Captioned web images
• • • • • • •

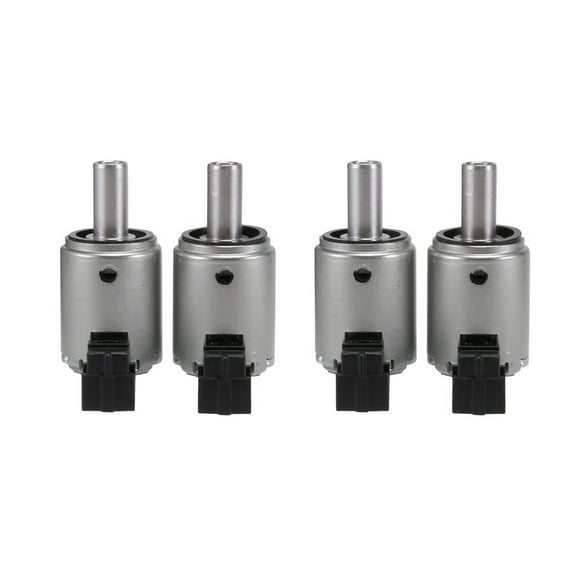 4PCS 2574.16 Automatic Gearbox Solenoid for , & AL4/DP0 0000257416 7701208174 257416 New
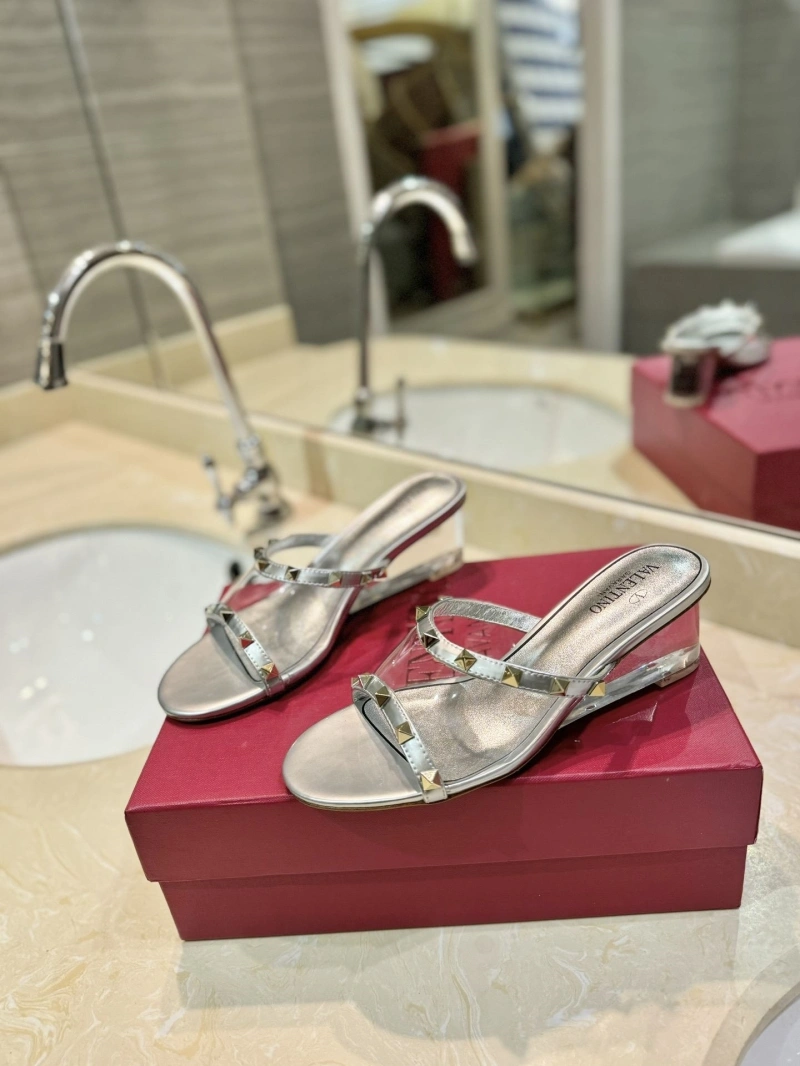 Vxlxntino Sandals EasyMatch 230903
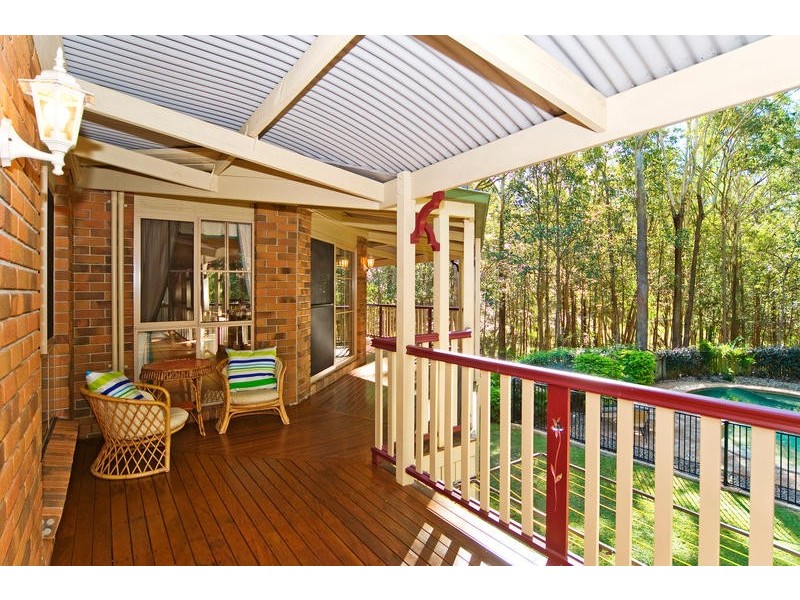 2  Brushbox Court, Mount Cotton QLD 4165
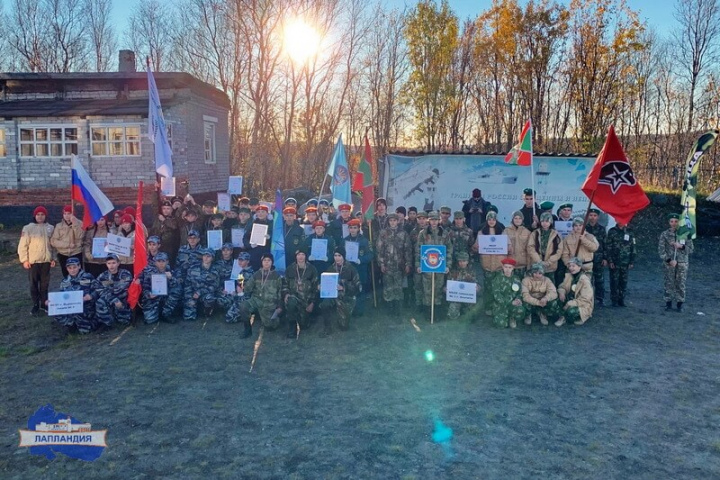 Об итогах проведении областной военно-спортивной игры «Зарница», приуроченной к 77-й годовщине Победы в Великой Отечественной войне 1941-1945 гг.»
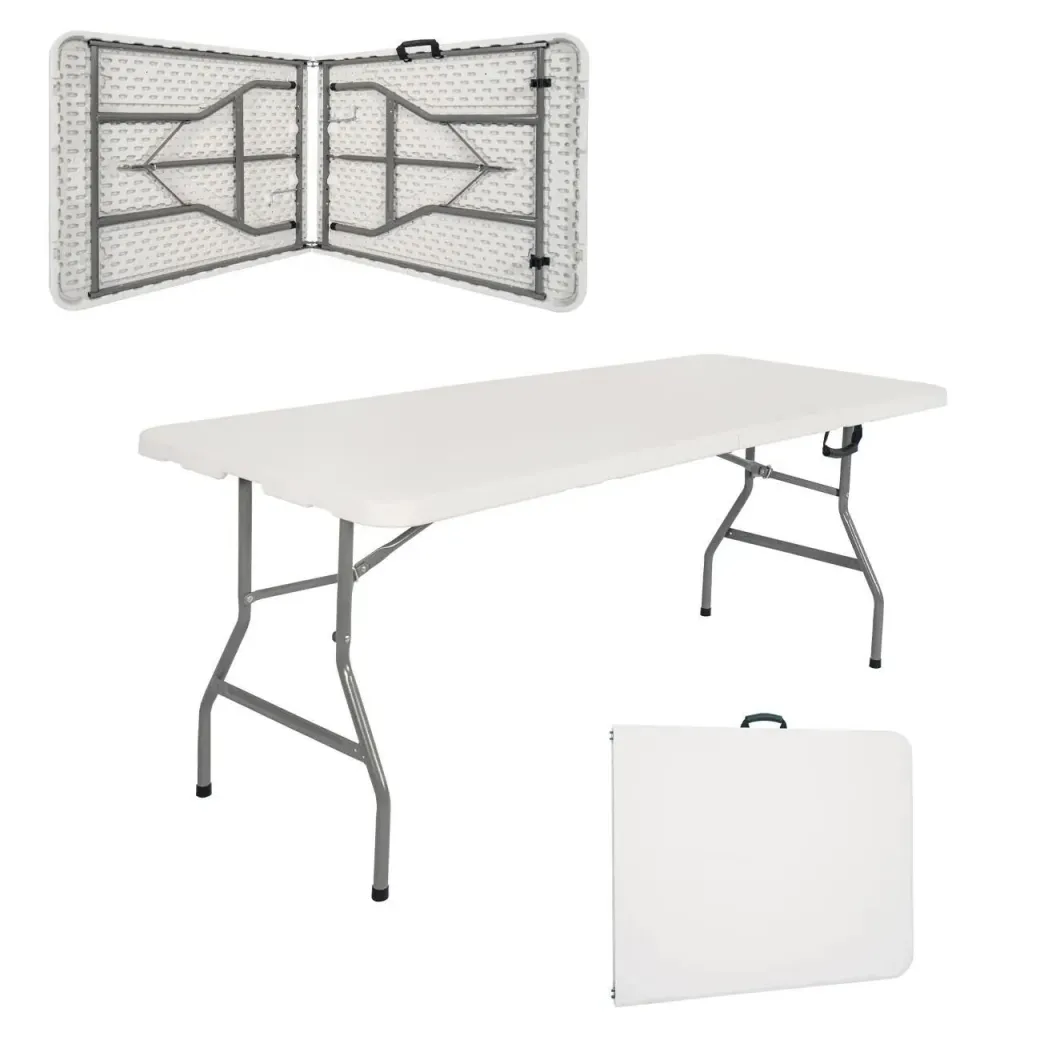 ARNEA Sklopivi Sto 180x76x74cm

• • • • • • •

**PROMPT**.
All records should be output exactly, with the pictures left out.

**SOLVED EXERCISE**.
 4PCS 2574.16 Automatic Gearbox Solenoid for , & AL4/DP0 0000257416 7701208174 257416 New
 Vxlxntino Sandals EasyMatch 230903
 2  Brushbox Court, Mount Cotton QLD 4165
 Об итогах проведении областной военно-спортивной игры «Зарница», приуроченной к 77-й годовщине Победы в Великой Отечественной войне 1941-1945 гг.»
 ARNEA Sklopivi Sto 180x76x74cm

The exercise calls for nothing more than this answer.